Your Life's Venn Diagram(s)
Posted by Dondi S. West | Posted in Men's Lifestyle | Posted on Tuesday, January 24, 2012
Venn diagrams or set diagrams are diagrams that show all possible logical relations between a finite collection of sets (aggregation of things). Venn diagrams were conceived around 1880 by John Venn. They are used to teach elementary set theory, as well as illustrate simple set relationships in probability, logic, statistics, linguistics and computer science (see logical connectives).
The framework of Venn Diagrams apply to your personal social circles as well. This is one area where Google+ (Google’s new Social Network) got it right and Facebook got it wrong. Facebook allowed you to make everyone a “Friend,” incorrectly assuming that you wanted to share everything with everyone. Google+, on the other hand, allowed you to put different friends in different “circles.” Using the concept of Google Circles, Google+ created a competitive edge by providing a social network that more closely mimics real life. The friend circles in Google+ is literally a living Venn Diagram that you can control and change as you wish— just like you do in real life.
Although we subconsciously do it, the way we divide and categorize our social connections is literally a Venn diagram. We have co-workers who we treat differently from friends. We have close friends who we treat differently from casual acquaintances. We have casual friends who we treat differently from someone we never met. We all do this, even if we don’t intend to. What differs from person to person, however, is how guarded we are when interacting with the various circles. For example, a person who likes to “share all of their business,” is far less guarded than the person who says little more than “Hi” to someone they are just meeting.

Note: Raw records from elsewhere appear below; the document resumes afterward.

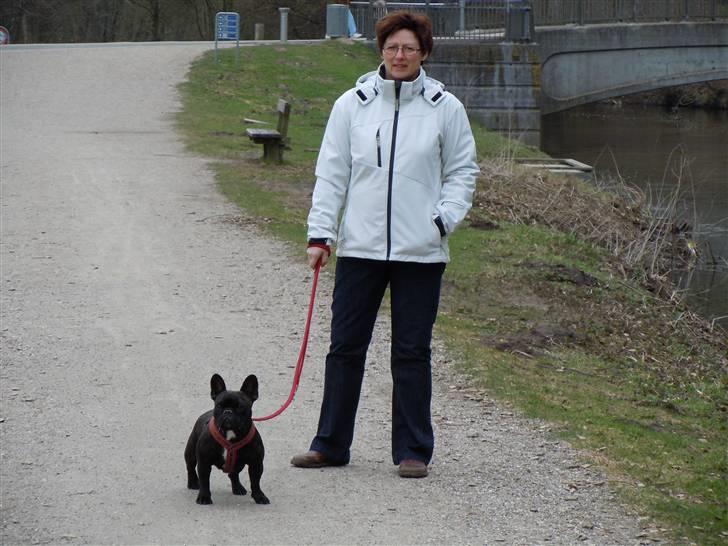 Fransk bulldog Tira - Mig og min mor på tur billede 14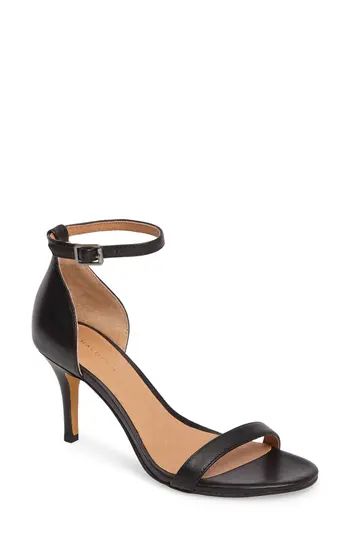 Women's Halogen Audrey Ankle Strap Sandal, Size 9 M - Black | Nordstrom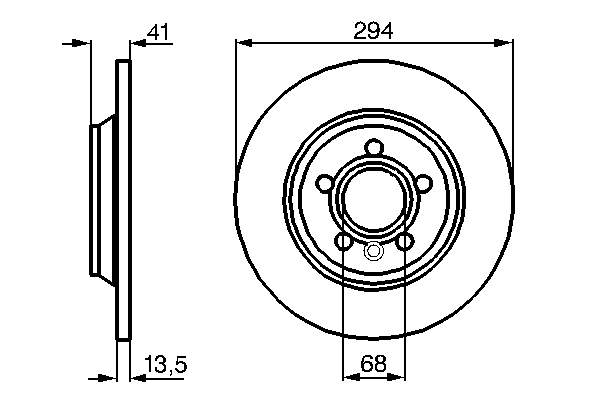 0 986 478 569 Bosch tarcza hamulcowa tylna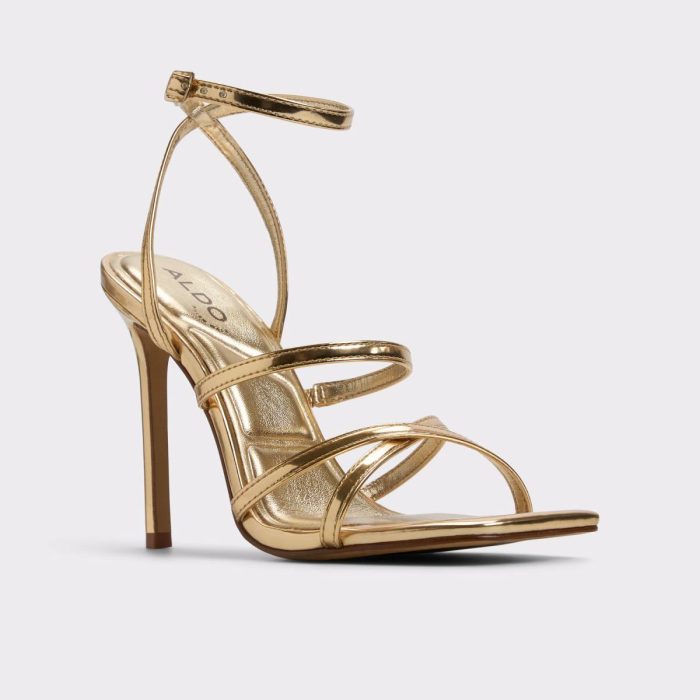 Women Gold Galoi Gold Women's Metallics Heels Aldo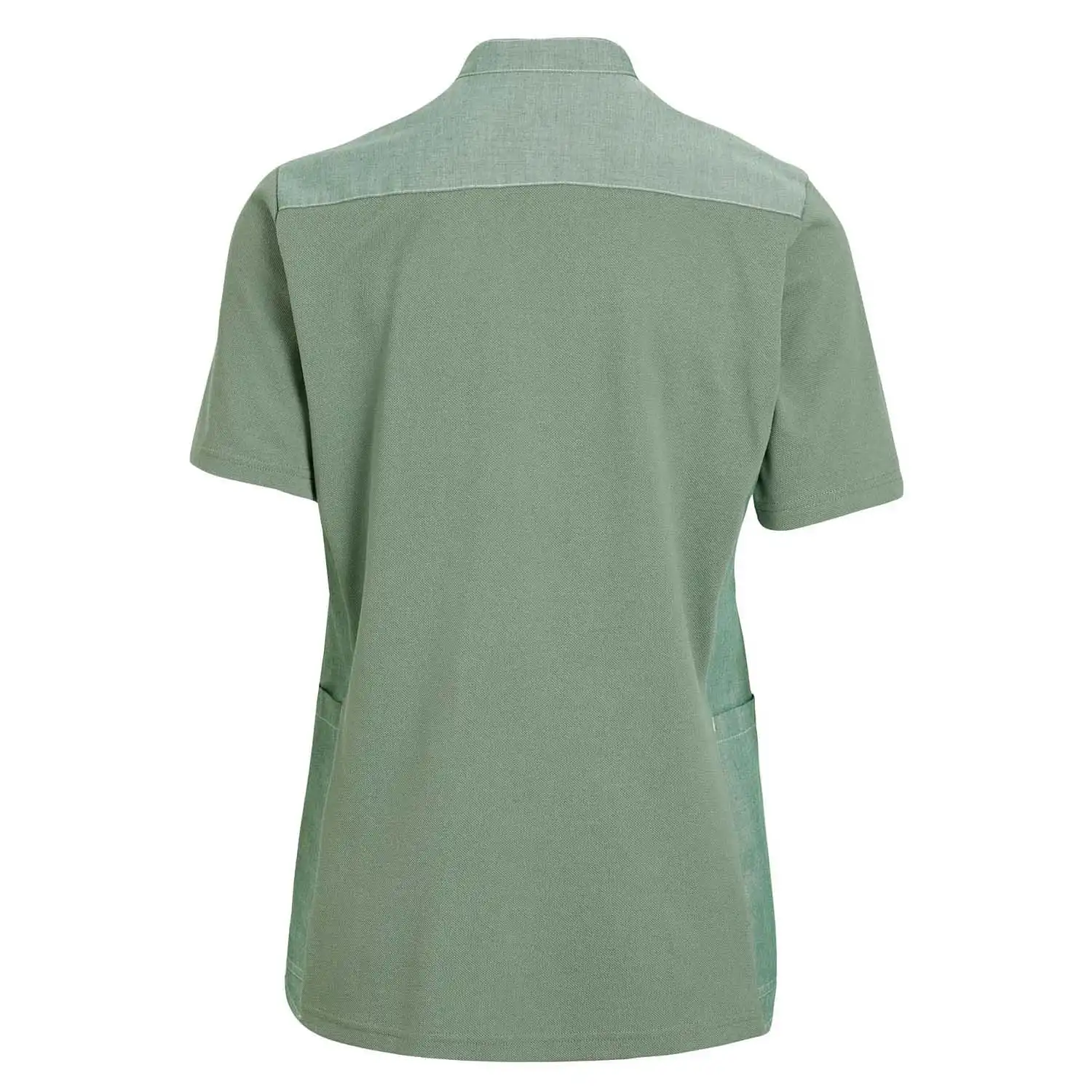 Damen Kasack "15314" Piquée in grün, L - Thumbnail 2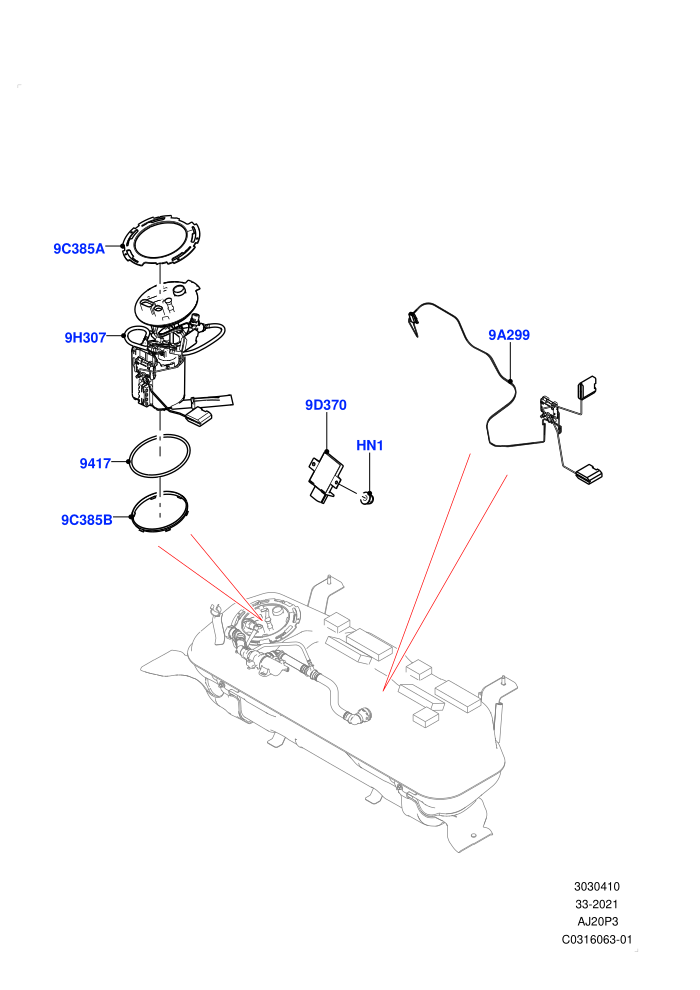 Fuel Pump And Sender Unit (1.5L AJ20P3 Petrol High PHEV,Changsu (China))((V)FROMMG575835)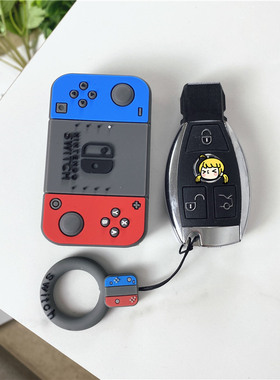 适用于奔驰汽车钥匙套卡通A级C级C200E200A200LC260CLA180游戏机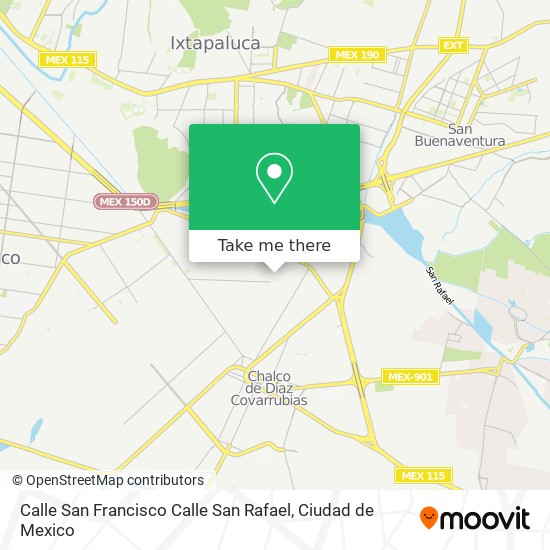 Calle San Francisco Calle San Rafael map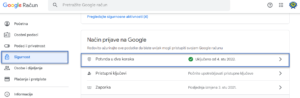 Gmail generiranje lozinke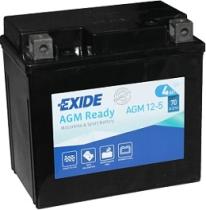 EXIDE AGM125 - BATERIA 5 AH.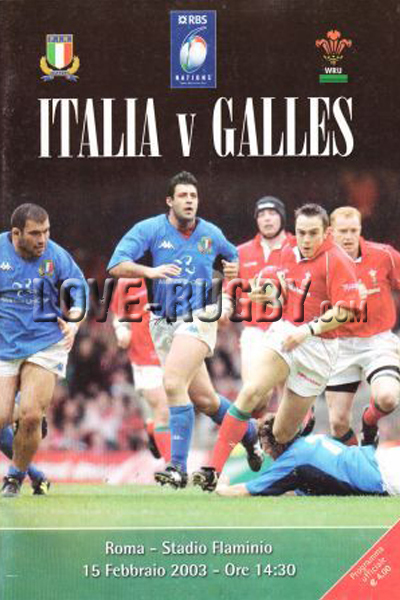 Italy Wales 2003 memorabilia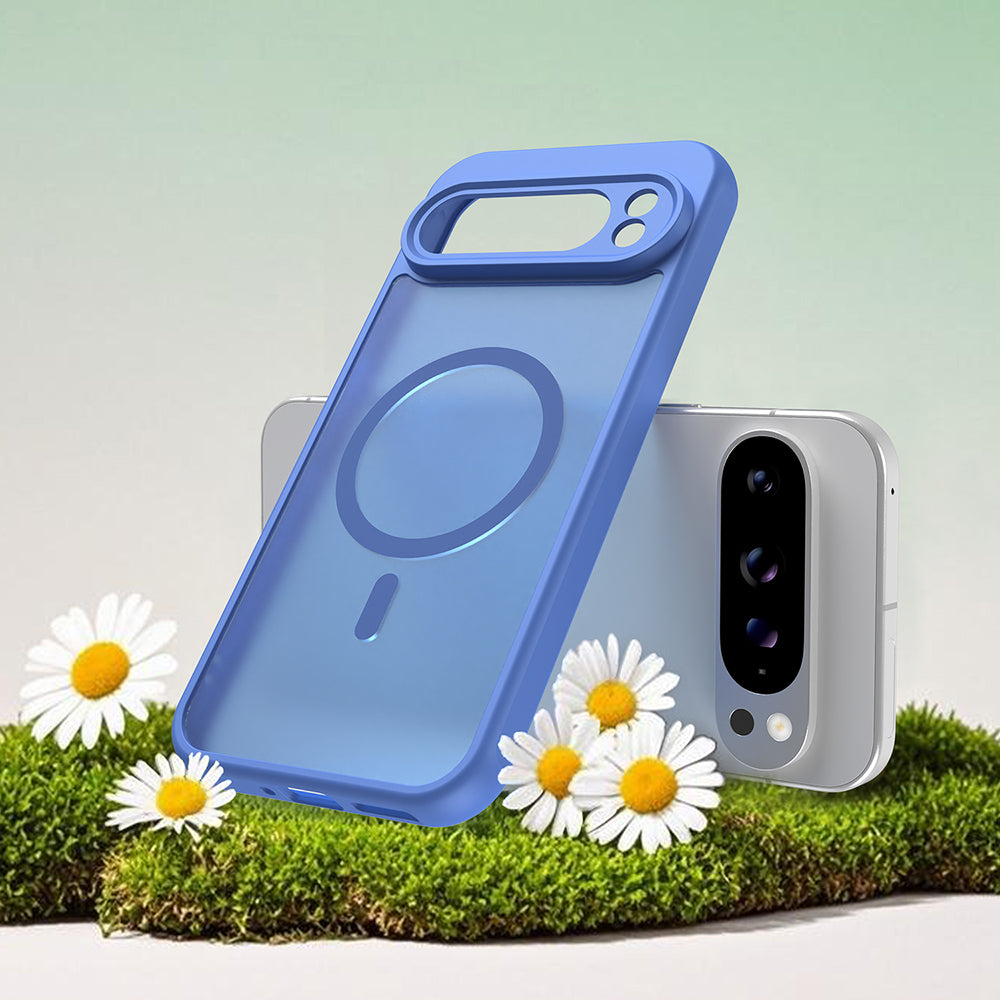 MagSafe Case for Google Pixel 10, Techsuit, HaloFrost II, Blue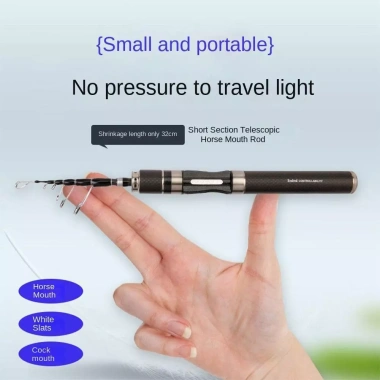 Confianza Bộ cần câu đầy đủ 2.025 - Sợi thủy tinh, máy quay siêu ngắn 1,5-1,8m, combo ưu đãi 275.440 VND 3 Confianza Bộ cần câu đầy đủ 2.025 - Sợi thủy tinh, máy quay siêu ngắn 1,5-1,8m, combo ưu đãi 275.440 VND 3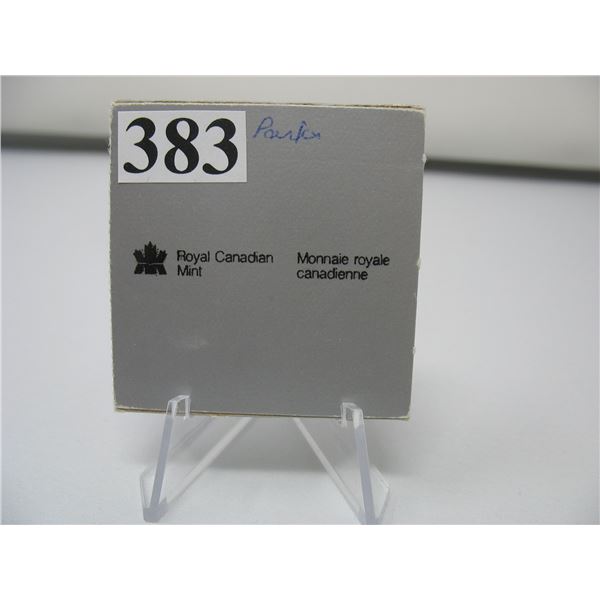 1985 Canadian Cased Uncirculated Silver Dollar - National Parks Centennial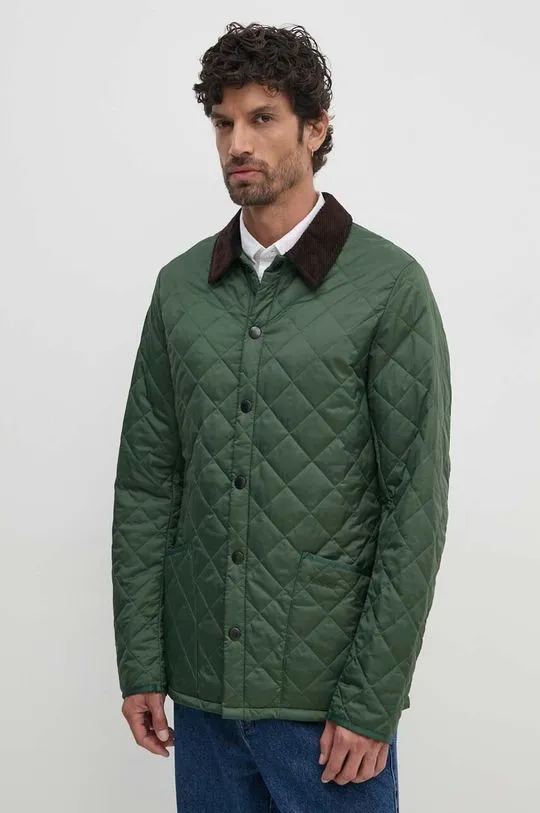 Barbour jacket men's green color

Many people struggle with identity. That struggle originates in reaching that common ground across all social circles. The way you deal with that is by giving a close examination of how you want to be known throughout the community. You should consider what image or personality traits you wish to convey. This should be done deliberately. One way this can be achieved is by having an elevator speech, which is basically 3-4 sentences that you can readily recite about yourself when making small talk with someone upon first meeting them. You should examine what you would like to be known for. You should also consider what you have done for others. Pick out the last 3 selfless acts that you have done for someone else, and you will get some indication of how others value you. If it takes you a while to think of something, you need to work on that.
Lastly, are you consistent? Although people rightfully act different between different circles, the variances should not be totally opposite. That is, you should not be quoting Bible verses around one set of friends, but then doing drugs around another. This will eventually dilute your value throughout your whole set of connections because it will eventually catch up with you. In other words you must be consistent. It is okay to be more or less casual, depending on who you are dealing with, but refrain from crossing the line of being fake. In other words, “Know Thyself” and remain true to thy self.
We must always be conscious of our Life’s Venn Diagram of Social Connections and act accordingly.